_Task to complete_
Starting with the line with "Damen Midikleid Weißes" in the entries below and going on through the line with "Juego reparacion A904", output every line exactly and nothing more. No pictures.

_Data extracts_
# # # # # # #

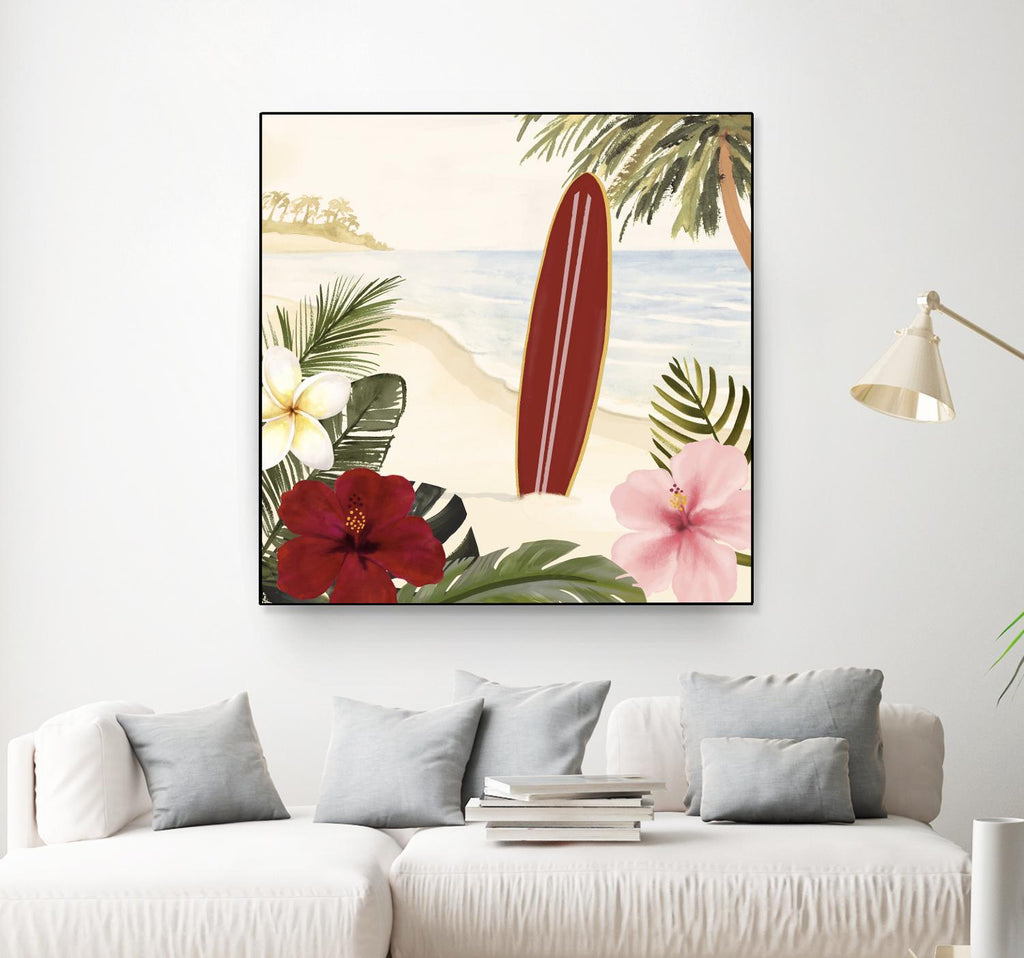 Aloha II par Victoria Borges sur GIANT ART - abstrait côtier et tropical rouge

# # # # # # #

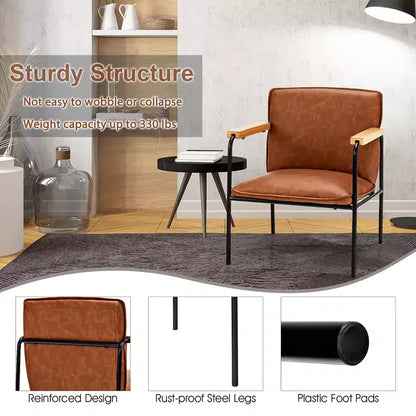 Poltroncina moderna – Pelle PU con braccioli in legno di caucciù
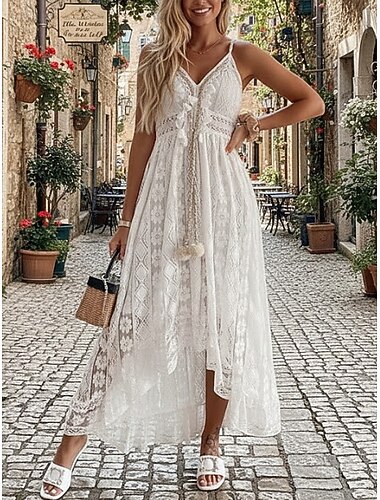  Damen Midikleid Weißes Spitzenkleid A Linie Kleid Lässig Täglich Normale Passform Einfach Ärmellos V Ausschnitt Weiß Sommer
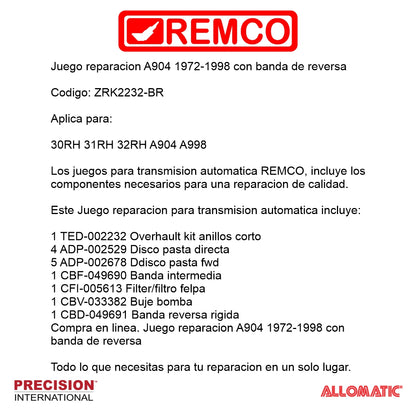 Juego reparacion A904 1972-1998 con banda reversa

# # # # # # #

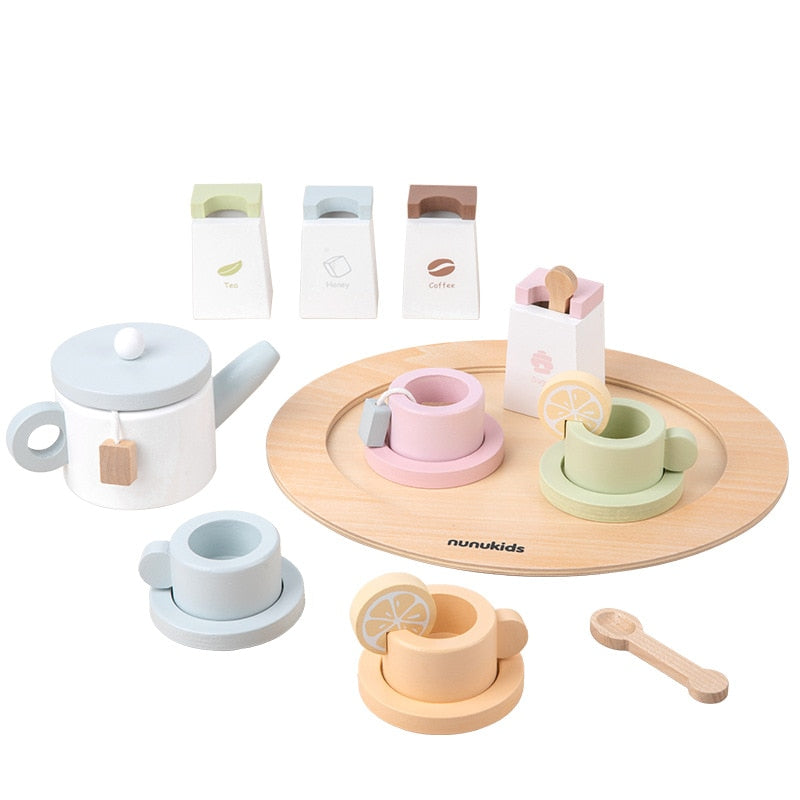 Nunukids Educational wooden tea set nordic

# # # # # # #

_Solution_
  Damen Midikleid Weißes Spitzenkleid A Linie Kleid Lässig Täglich Normale Passform Einfach Ärmellos V Ausschnitt Weiß Sommer
 Juego reparacion A904 1972-1998 con banda reversa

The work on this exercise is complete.